Adams: Retreat from elite

Tennessee's 2005 football season has been scrutinized, criticized and satirized. Maybe enough time has passed for it to be eulogized.

You're probably thinking, "What can you say nice about a 5-6 season?"

The most obvious answer: In six more days, when UT kicks off another season, its mishaps of 2005 will officially become history, displaced by a new team and season. But if you allow me to play fantasy football for a few paragraphs, you might appreciate another positive aspect of a season that was characterized at best as disappointing, and at worst, downright disastrous.

Suppose last season had been merely mediocre. Suppose South Carolina's Josh Brown had missed that 49-yard field goal with 2:45 to play. Suppose Jay Cutler hadn't completed that 5-yard touchdown pass with 1:11 to play.

UT would have finished the regular season 7-4. It might have even won a bowl game.

But fans still would be bemoaning the drop-off for a team favored to win the SEC championship and contend for a national title. They would be lamenting a program that couldn't win big games, couldn't finish in the top 10 and couldn't live up to the expectations it created in the late 1990s. They would be saying their program was in a rut.

And, then, if the Vols won another eight or nine games this season, the fans would still refer to their program as "in a rut."

One awful season has changed all of that. If the Vols win eight or nine games this season, many fans will be encouraged by the dramatic turnaround, and 2005 will be viewed as an aberration, no different from the 5-6 season of 1988.

Remember what happened after that? The Vols won their first five games in 1989 on the way to an 11-1 season, capped by a 31-27 victory over Arkansas in the Cotton Bowl.
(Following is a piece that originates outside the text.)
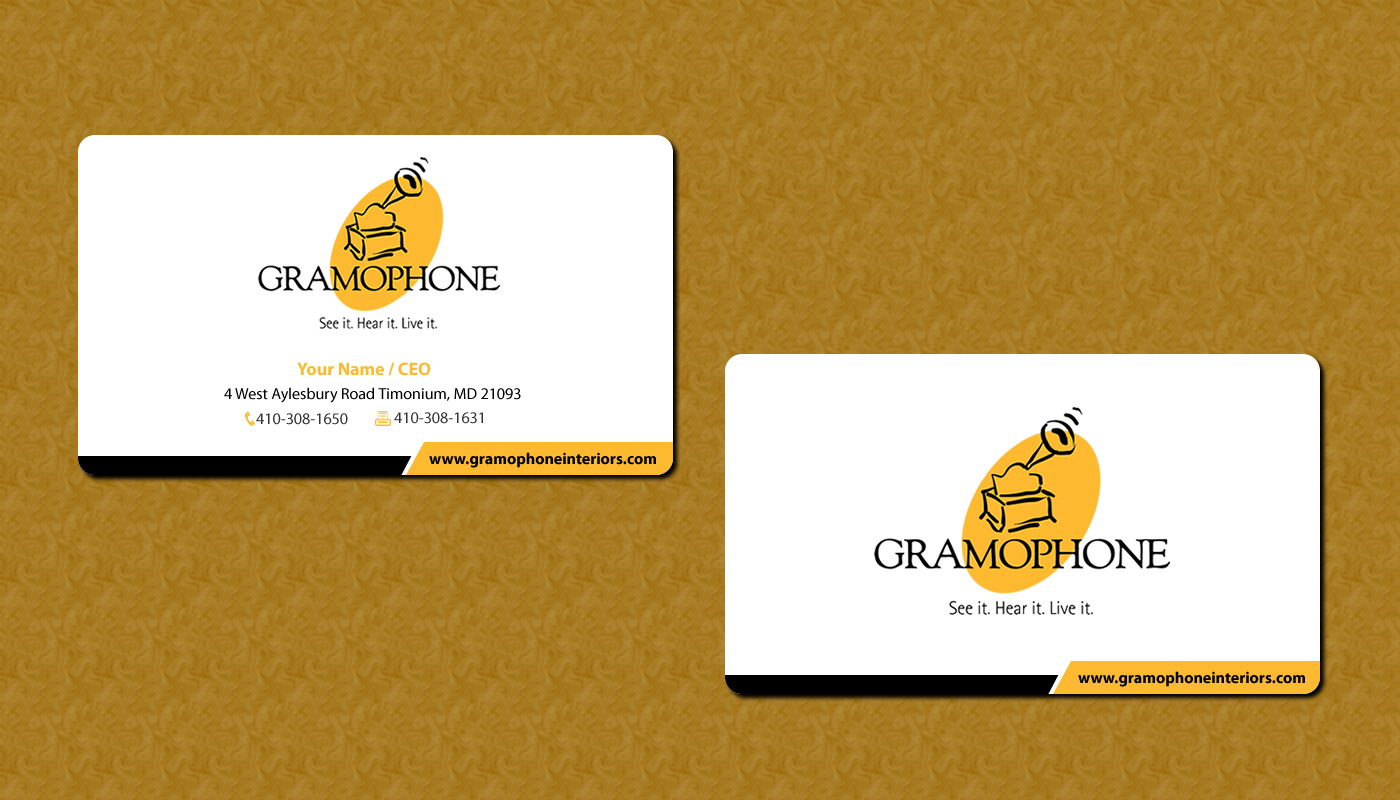 Stationery Design by Sbss for Gramophone | Design #647034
So let the pessimists refer to 5-6 as a disaster. Optimists could call it a good omen.

But if you really want to see the beauty in 5-6, focus on the lowered expectations. That's another good omen. When you expect more of coach Phillip Fulmer's teams, they often give you less. When you write them off, they prove you wrong.
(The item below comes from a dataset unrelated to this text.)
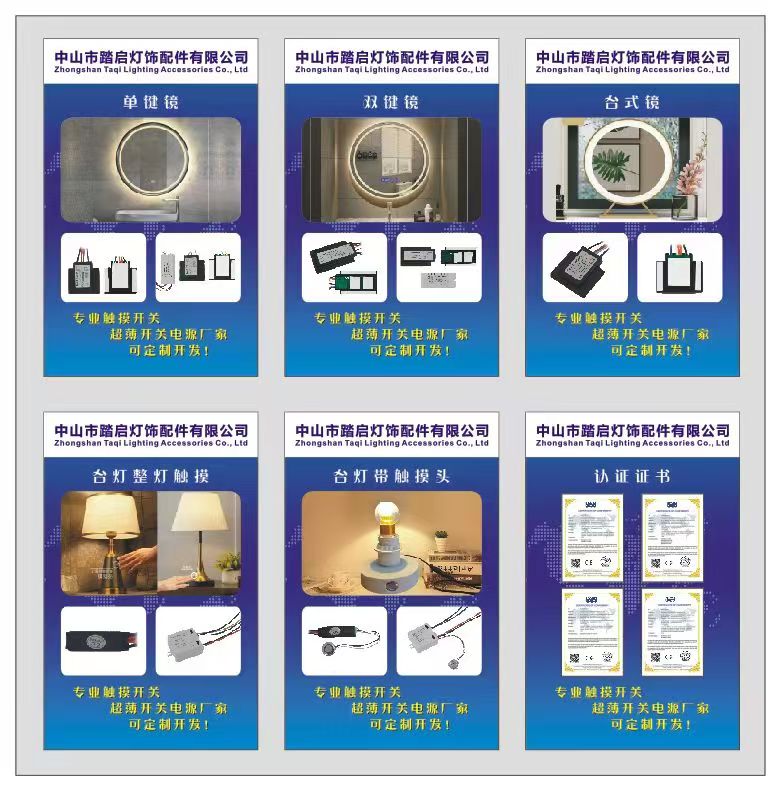Customizable professional touch switches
The Vols won the national title in 1998 with less talent than they had in 1997. And with enough talent to win back-to-back national championships in 1999, they lost three games.

After an 11-2 season in 2001, big things were expected of the Vols in 2002. They responded with a five-loss season that included four losses by 17 or more points. Then, with lowered expectations for 2003, they won 10 games, including one on the road against Miami.

Greatness was predicted for the Vols in 2005 - not just by the fans and media, but by their coaches, who raved about their deep and talented corps of wide receivers and an offensive line that could rank with the best in school history. The raves ended when the season started.

The Vols were so bad in 2005, they aren't even making everyone's preseason top 25 in 2006. They were so bad in 2005, they can't help but be better.

But I'm not sure how their improvement will be received.

Was last season an aberration? Sure. But UT's decline in football prominence is no fluke.

It hasn't won an SEC championship since 1998. It hasn't played in a BCS game since the 1999 season. It hasn't finished in the top 10 since 2001. It's no longer an elite program.

Maybe that's OK with some fans. Other fans wonder why a program with so much going for it can go eight years without winning so much as a conference championship.

Prediction: An 8-4 regular season, third-place finish in the SEC East and a bid to the Peach Bowl.

Eight victories and a Peach Bowl bid once qualified as an off year. Now, it's called progress.